The state gets high marks for not placing caps on the number of charter schools allowed. It also scores well for balancing autonomy and accountability, and for having an appeals process for schools whose applications are rejected.
The report notes two areas where Florida could improve its standing: Funding equity, and authorizer accountability. Constitutional and funding constraints mean making improvements in those areas could require some creativity.
The issue of accountability for charter school authorizers has also been raised by the National Association of Charter School Authorizers, a group aiming to improve the quality of charter schools.
The trouble in Florida is that school districts are, by and large, the only game in town when it comes to authorizing (a handful of charter schools are authorized by universities). The state constitution gives school boards the authority to regulate all public schools within their districts, making it harder to create alternative authorizers such as a board run by the state.
That hasn’t stopped state officials from taking some steps to improve district authorizing by creating guidelines for charter school oversight. The authorizers association had additional suggestions, like requiring the state to publish annual reports on the performance of the charters each school board approves.
The charter alliance’s report also suggests Florida provide “equitable access to capital funding and facilities.” This has been the topic of heated legislative debates and contentious state commissions, but charters still rely on year-by-year appropriations through the state’s Public Education Capital Outlay. This pits them in yearly lobbying battles with colleges and universities (which, like charters, can’t levy taxes) and school districts (which can levy local taxes to pay for school facilities, but often have older buildings and more stringent building specifications, class-size limits, and the like).

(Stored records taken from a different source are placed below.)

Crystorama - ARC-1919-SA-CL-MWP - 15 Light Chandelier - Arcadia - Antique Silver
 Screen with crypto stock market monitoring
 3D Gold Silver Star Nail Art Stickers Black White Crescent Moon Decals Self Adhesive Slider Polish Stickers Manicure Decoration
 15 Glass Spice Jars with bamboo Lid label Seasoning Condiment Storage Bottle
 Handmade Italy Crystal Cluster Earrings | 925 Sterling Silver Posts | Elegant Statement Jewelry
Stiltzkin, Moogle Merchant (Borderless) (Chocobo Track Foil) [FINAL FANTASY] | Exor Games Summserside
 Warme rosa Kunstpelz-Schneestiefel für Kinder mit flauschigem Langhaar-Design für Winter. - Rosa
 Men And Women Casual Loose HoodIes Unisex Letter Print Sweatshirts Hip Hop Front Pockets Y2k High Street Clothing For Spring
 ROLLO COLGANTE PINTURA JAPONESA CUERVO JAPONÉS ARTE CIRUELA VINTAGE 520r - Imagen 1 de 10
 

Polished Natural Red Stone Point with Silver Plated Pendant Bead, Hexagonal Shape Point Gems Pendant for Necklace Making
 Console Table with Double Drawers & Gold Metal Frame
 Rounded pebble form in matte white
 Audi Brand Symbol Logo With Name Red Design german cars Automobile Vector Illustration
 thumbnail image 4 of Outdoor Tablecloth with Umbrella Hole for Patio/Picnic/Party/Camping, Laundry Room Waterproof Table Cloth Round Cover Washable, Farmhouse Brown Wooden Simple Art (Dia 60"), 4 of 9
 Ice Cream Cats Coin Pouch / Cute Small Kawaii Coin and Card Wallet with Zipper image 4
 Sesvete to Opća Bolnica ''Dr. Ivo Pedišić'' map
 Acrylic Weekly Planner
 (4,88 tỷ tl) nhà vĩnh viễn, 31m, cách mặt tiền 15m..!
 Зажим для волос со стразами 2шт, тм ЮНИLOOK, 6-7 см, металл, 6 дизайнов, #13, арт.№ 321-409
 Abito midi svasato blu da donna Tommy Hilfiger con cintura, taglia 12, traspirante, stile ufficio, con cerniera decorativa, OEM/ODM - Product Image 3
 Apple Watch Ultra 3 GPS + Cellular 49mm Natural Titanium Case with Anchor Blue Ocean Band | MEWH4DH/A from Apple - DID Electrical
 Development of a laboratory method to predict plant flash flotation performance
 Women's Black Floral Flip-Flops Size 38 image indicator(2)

Charter school advocates have said they need a reliable source of revenue that will remain steady year over year. Some school district leaders have agreed they would prefer not to have to compete with charters for scarce facilities funding each year. But the question remains: What should the source of that funding be?
The answer isn’t obvious, and the report makes clear that facilities funding is a challenge for charter schools around the country. It’s even an issue in Minnesota, the state with the top-ranked charter school laws.